# About this exercise:
For this exercise, repeat exactly the lines below starting at the line holding "大きな椅子に座るミドルビジネスウーマン 132644832" and ending at the line holding "Bride and groom", both included, with no extra lines and no pictures.

# Listed entries:
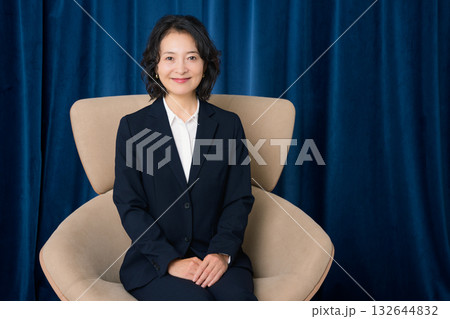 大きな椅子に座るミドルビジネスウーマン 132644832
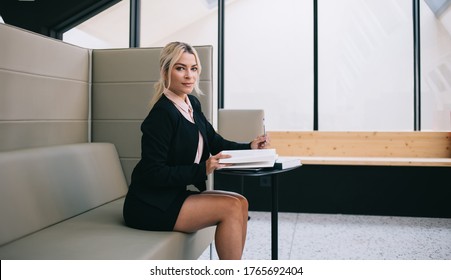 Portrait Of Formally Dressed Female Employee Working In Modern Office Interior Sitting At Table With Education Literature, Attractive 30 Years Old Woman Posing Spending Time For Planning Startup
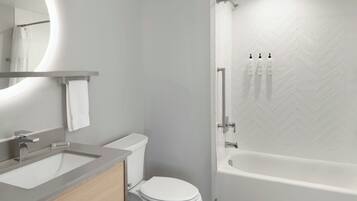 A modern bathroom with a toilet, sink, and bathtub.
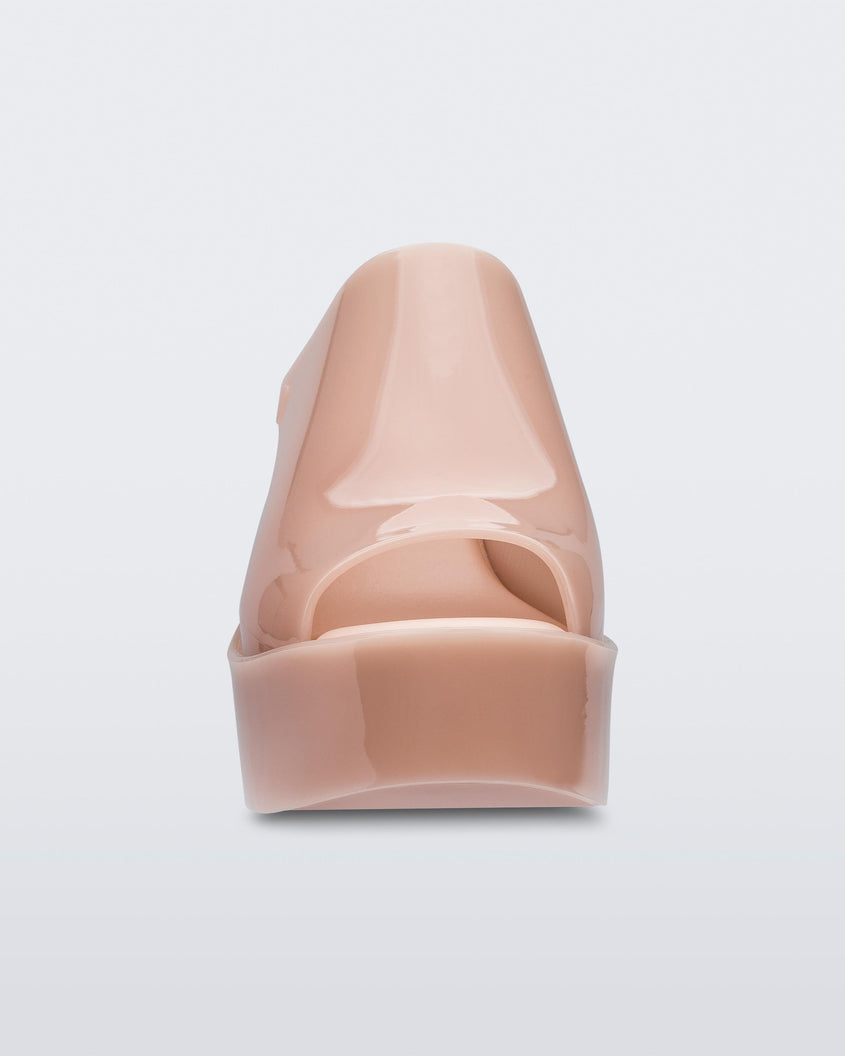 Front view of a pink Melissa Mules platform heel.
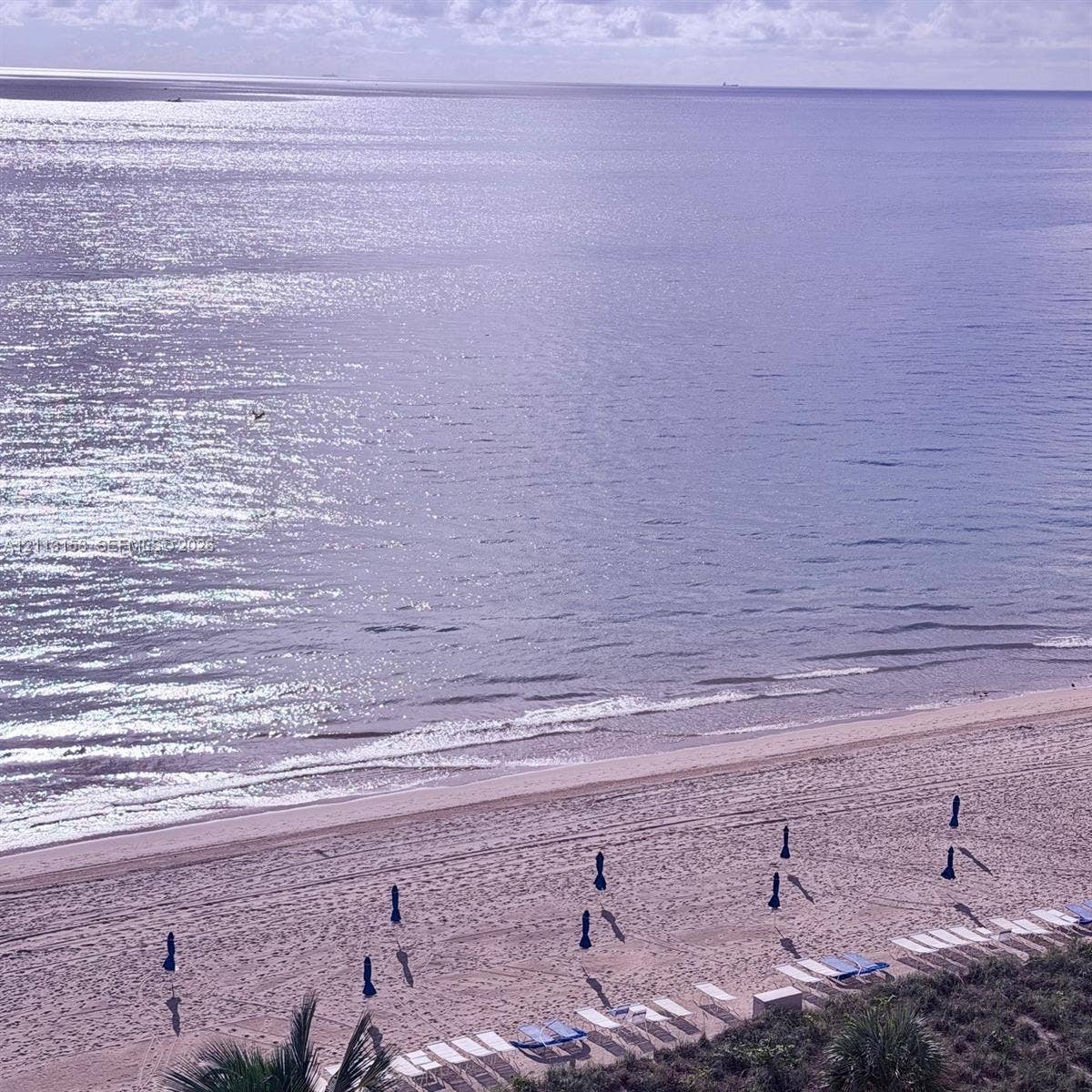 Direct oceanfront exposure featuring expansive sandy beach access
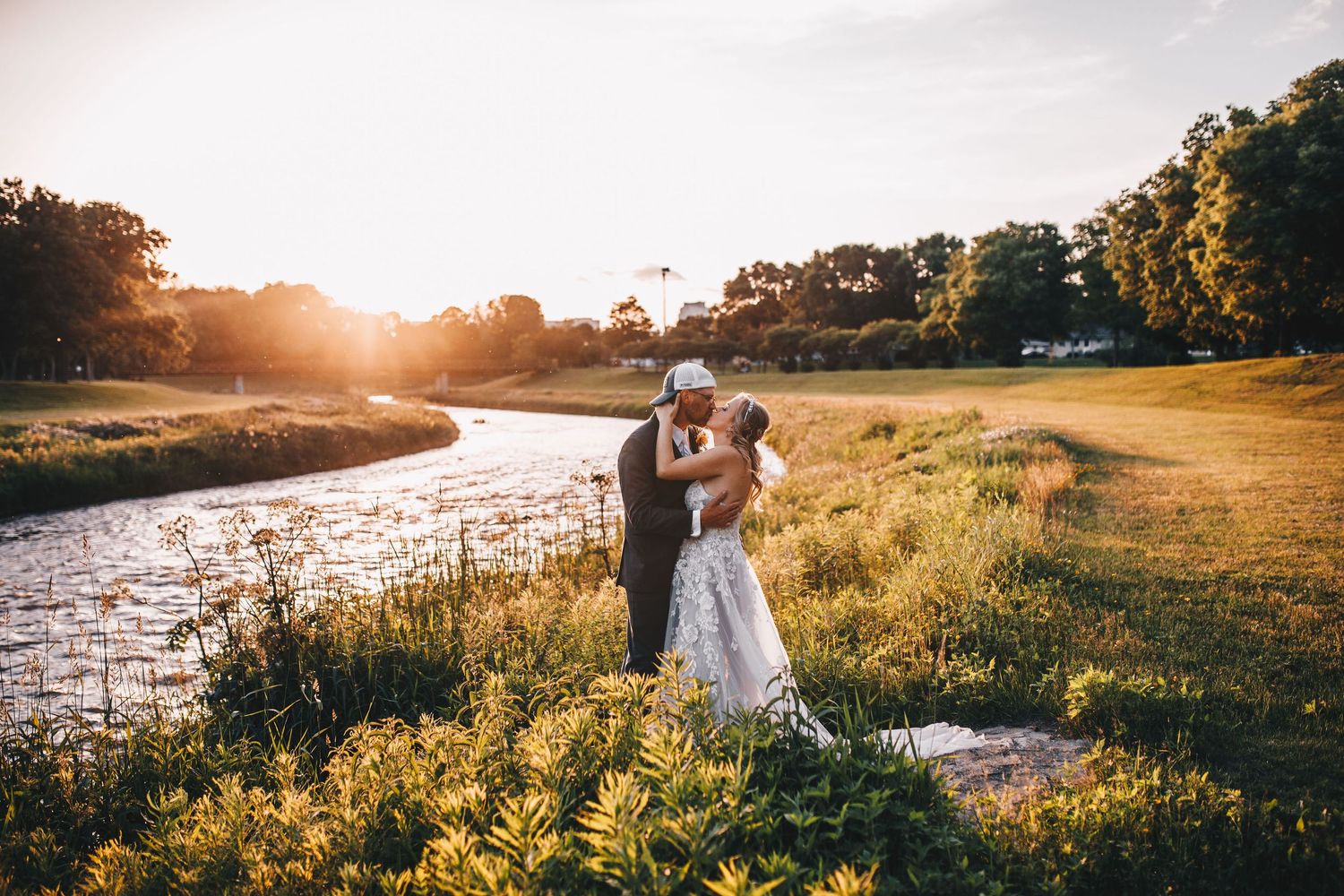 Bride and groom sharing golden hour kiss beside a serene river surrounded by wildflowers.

...

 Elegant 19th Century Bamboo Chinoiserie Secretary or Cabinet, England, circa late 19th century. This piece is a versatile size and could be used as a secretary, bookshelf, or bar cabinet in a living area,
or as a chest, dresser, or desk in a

# Answer to this problem:
 大きな椅子に座るミドルビジネスウーマン 132644832
 Portrait Of Formally Dressed Female Employee Working In Modern Office Interior Sitting At Table With Education Literature, Attractive 30 Years Old Woman Posing Spending Time For Planning Startup
 A modern bathroom with a toilet, sink, and bathtub.
 Front view of a pink Melissa Mules platform heel.
 Direct oceanfront exposure featuring expansive sandy beach access
 Bride and groom sharing golden hour kiss beside a serene river surrounded by wildflowers.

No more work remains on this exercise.